|I think it's safe to say that Doyle Kennedy was a real lifter.|
Lifting is an art—and it's this way with any artist. One can paint without being an artist, but that doesn't make the man a painter. One can write without being an artist, but that doesn't make the man a writer. One can practice religion without being an artist, but that doesn't make one a religious. And so it is with lifting. One can always lift without being an artist—many do that very thing—but those who do so will never truly be lifters.
At one time, I practiced bodybuilding. I enjoyed it to no ends—I still do when it's good. I enjoyed the love, perhaps even the art, of "chasing the pump." At the time, I would have even called myself a bodybuilder. But then, it happened. I discovered lifting, real lifting, and I realized what I had been all along, and just never truly knew it. I was a lifter. I am a lifter.
Last month, I was writing about some of the health issues that have kept me away from lifting for far too long. After I wrote a couple of entries, it got even worse: I had to have my gallbladder removed a couple of days after the last entry here. Finally, two days ago, I was able to resume normal training. It didn't even take a single set—hell it didn't even take a single rep of a single set. I gripped the bar, felt the knurl upon callouses that are still there—diminished but there—and in that single instant the lifter in me returned. Not that it had every really truly gone anywhere. Possibly it had laid dormant, but never truly gone. For, when it lives in your soul, it can never be extinguished. You can avoid it, you can pretend it's not there, or that somehow it never truly existed in the first place, but the soul of a man never lies.

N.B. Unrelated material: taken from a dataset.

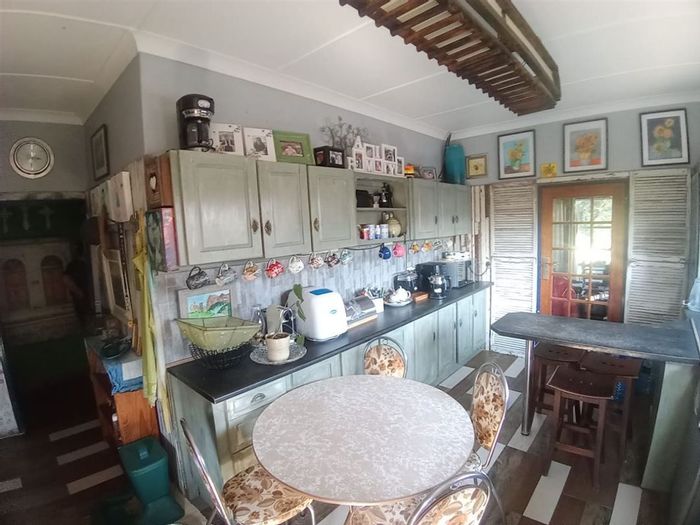 Farrarmere House For Sale: 4 Bedrooms, Pool, Staff Quarters, Secure Parking.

A few weeks ago, I was giving a presentation at a conference that in some ways consisted of the role of Eastern Orthodox spirituality within the larger Christian spiritual framework. After my talk, a participant asked me when I "converted" to the Orthodox faith. I don't know if she really understood my answer, but I told her that I didn't convert to the Orthodox Church. I walked into a Temple one Sunday morning for the Divine Liturgy—inhaled the thick incense, witnessed the gold and blue of the ever-present iconography, listened to the Russian chants from a language I had never heard, yet, somehow, had never not known—and knew that I was Orthodox. That moment only made me aware of what my soul had always yearned and hungered for—its home.
When I lace on my belt, when I chalk my hand for a big pull, when I squeeze my shoulders into the bench for a heavy set of max bench presses, it is the same thing. My soul knows its home. I have the soul of a lifter because I was never not one.